Monday, February 4, 2013
Quest for Souvenir Part 2
Continuing the story of Souvenir, Schelter & Geisecke was founded in 1819 and created many popular fonts. In the early 1900s there were issues with American companies copying German designs. Printing was undergoing a technological change from fixed metal typesetting to a more mechanical setup with hot lead molds. This led to companies going back to older fonts and reworking them for hot metal typesetting.
One such font made was Souvenir by Morris Fuller Benton of the American Type Founders. But where did he get the idea for the font? Did he make it up from scratch? In comes Schelter & Geisecke and their type specimens. Google Books has a copy of Von der Schrift und den Schriftarten which lists a couple of fonts by Schelter & Geisecke.
The image below shows "Ferreteria" in Schelter-Kursiv font, then "Sargento de primero" in Leipziger Latein-Kursiv-- both from the font sample book linked above.
The last "Sargento de primero" is ITC Souvenir from fonts.com for comparison.
So what ever happened to Schelter & Geisecke? Why is it we can go and buy Souvenir today over at MyFonts? But we can not find Schelter-Kursiv or Lepziger Latein-Kursiv?
It actually survived up into World War 2. After the war, the company was in the Soviet controlled zone and was nationalized into a state run operation. In 1951, all of the type foundries under East German control were consolidated into one entity known as VEB Typoart. The forces that drove Typoart were far different than its American counterparts.
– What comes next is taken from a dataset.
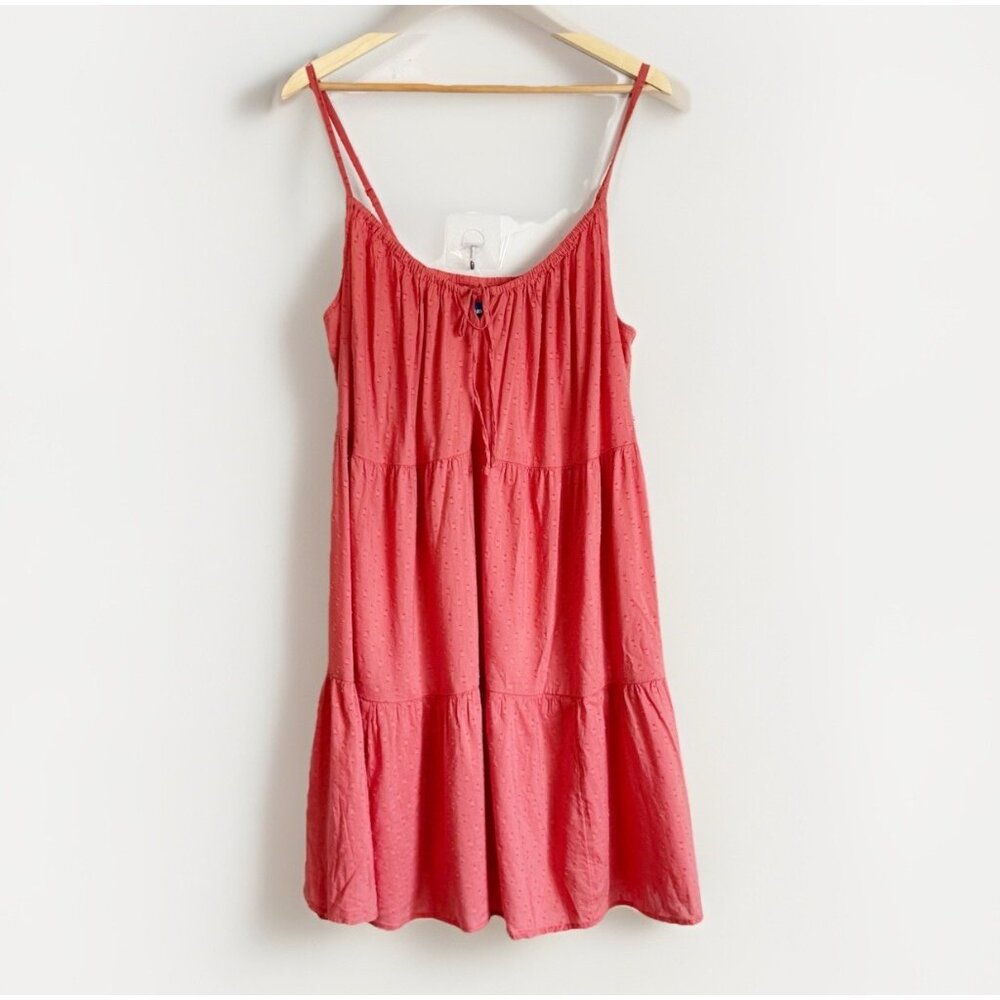 Old Navy Swiss Dot Tiered Cami Babydoll Dress Women’s XL Coral Pink Boho Pockets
The world wide publishing industry had another revolution with the advent of phototypsetting. Much like the development of hot metal typesetting, there was a renewed interest in developing fonts for the new technology. In 1971, Ed Benguiat was hired to make the "digital" versions of Souvenir by ITC. It was during the 70's that the popularity of Souvenir reached its greatest height. It was used in signs, Playboy magazine, advertisements, and just about anywhere you could find text (including the Moldvay Dungeons and Dragons booklets).
But such popularity did not occur back in the Soviet Union. Typoart was more interested in utilitarian fonts for state projects. With the fall of the Berlin Wall in 1990, Souvenir had long faded into a passe font forever linked to the 70s. Typoart was transformed into a private company but it suffered difficulty trying to adjust to the free market. In 1995, it declared bankruptcy and the legal status of its font collection is in limbo to this day.
Jay Rutherford has put up a digitized collection of some of the VEB Typoart fonts, but none of them are similar to Schelter-Kursiv, Leipziger Latein-Kurisv, or Souvenir. And, so, that ends the quest for Souvenir, for now. There does not appear to be any similar "open licensed" font out there at the moment. Perhaps, an individual or company that is pursuing the current new wave of development will stumble upon the old Schelter-Kurisv samples and find inspiration from them. And develop something that will mimic the slants and soft edges of Souvenir. But until that day, the best option is to head over to one of the big font foundries and purchase the Souvenir font. Or to forgo attempting to mimic the font, and choose something different with a "free for commercial use" license. Google Web Fonts and Font Squirrel are two great services for finding "open licensed" fonts.